Su inconsciente se trabó
En sus buenos tiempos de Triunfo, la prosa de Haro necesitaba una calamidad para brillar como un diamante. Ya se sabe que los oráculos se crecen con las malas noticias. En su caso, la depresión era un estado de lucidez y su pesimismo antropológico lo convirtió en guardián del muro de todas las lamentaciones. Un pesimista solo debe contentarse con tener la razón y esperar a que las aguas del Dvina bajen crecidas para arrojarse desde el puente como Ganivet. Los que están contentos con la vida no saben lo que se pierden.
De pronto los tiempos comenzaron a cambiar. Muerto Franco, se acabó la rabia. La respuesta del viento que cantaba Bob Dylan trajo un día la libertad y la democracia a España. Desde el derrumbe de la Segunda República, el ideal del regeneracionismo, el recuerdo de la Institución Libre de Enseñanza y de la Residencia de Estudiantes, el orteguismo y el cultivo de las élites intelectuales habían quedado en suspensión en el aire, un afán de modernidad guardado secretamente como un tesoro en la memoria de una generación aplastada por el franquismo.
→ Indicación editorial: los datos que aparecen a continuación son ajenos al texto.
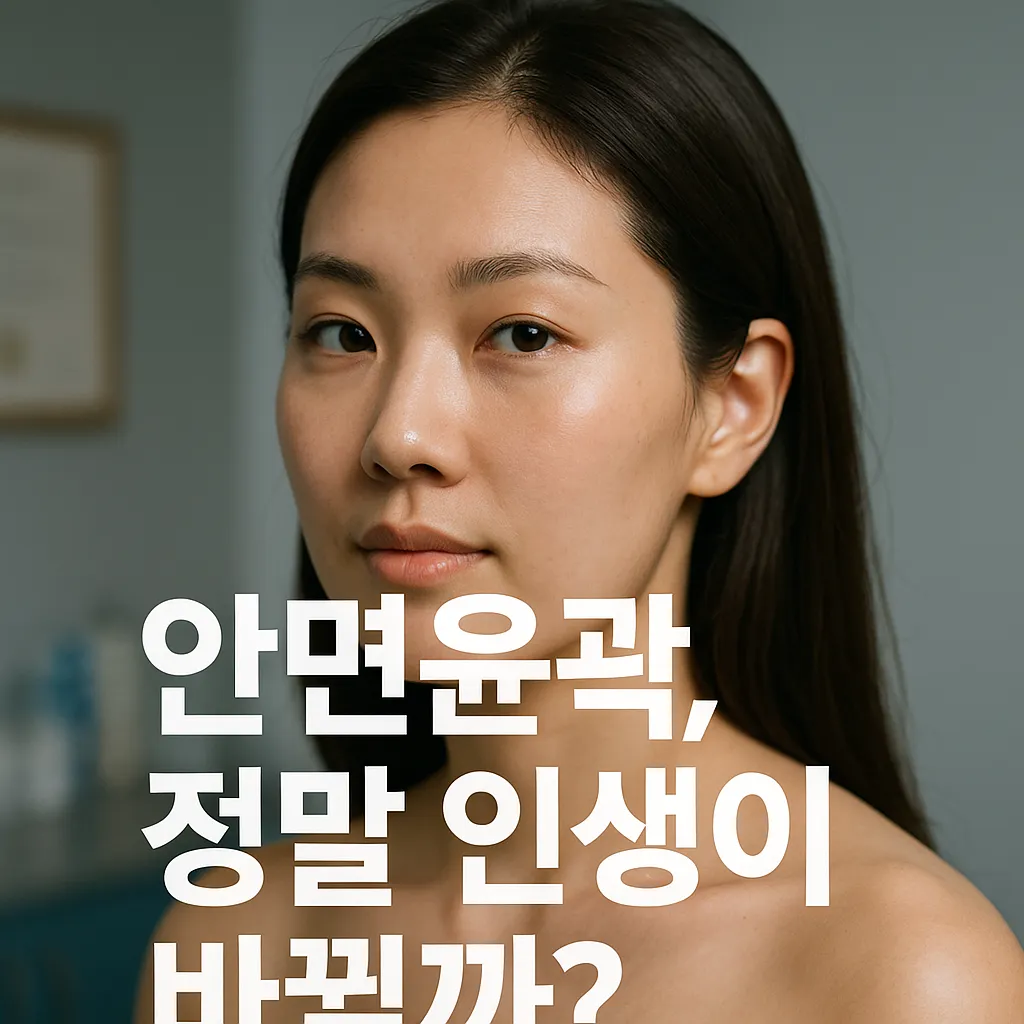 안면윤곽, 정말 인생이 바뀔까.webp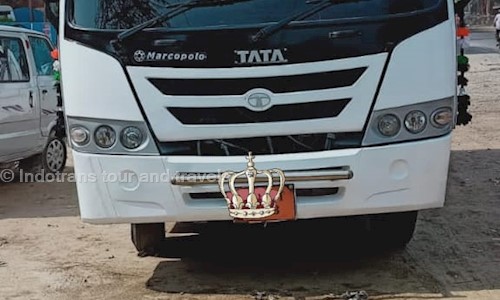 Indotrans tour and travels in Arun Vihar, noida - 201301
El diario El País sintetizó ese ideal y, según el juicio de Aranguren, se convirtió en el intelectual colectivo que absorbió todo el material de las revistas Triunfo y Cuadernos para el Diálogo hasta dejarlas sin oxígeno.
Era como ese maqui perdido
Periodistas, escritores e intelectuales que escribían en esas revistas pasaron a hacerlo en este periódico, Haro Tecglen el primero. Como editorialista, redactor todo terreno y crítico de teatro resistió con lucidez pesimista el festín de la libertad. Su oficio de rompeguitarras pronto llegó a captar todo el desencanto que sobrevino al socialismo, y cuando fue relegado a un rincón de las páginas de televisión, que según Tom Wolfe supone la muerte de un escritor, el talento de Haro Tecglen convirtió esa columna trasera en la mejor garita desde cuya aspillera disparaba incluso contra el editorial de su propio periódico. Haro Tecglen era como ese maqui perdido en la serranía o tal vez como ese japonés abandonado en una isla que nunca aceptaron que la guerra había terminado todavía y disparaba contra los aviones que creía de combate cuando en realidad iban cargados de turistas.
La mayoría de lectores de El País abría el diario por su columna, el mejor homenaje que se le puede hacer a un periodista, unos para comprobar la intensidad del vitriolo con que zahería a la extrema derecha y a los recuelos del fascismo; otros para asimilar su resentimiento y amargura como un lenitivo de la vida. Era escaso en el elogio, medía su cordialidad con los compañeros con talento, guardaba un silencio impenetrable ante los imbéciles, se encogía de hombros ante la adversidad, usaba una ironía como refugio de su inteligencia nunca suficientemente valorada. La vida le dio a probar el lado más aciago de eso que se ha dado en llamar familia, pero dentro de la hecatombe, a veces los hijos también engendran a los padres. Uno de sus vástagos, Haro Ibars, nunca dejará de brillar como una de las estrellas de aquel tiempo, cuando parecía que cualquier paraíso estaba al alcance de la mano. Haro Tecglen era un intelectual de izquierdas sólido, comprometido solo con su inteligencia, sin partido ni beneficio, movido por el estímulo de ser un perdedor. En esto no admitía rivales: era el perdedor que primero entraba en la meta.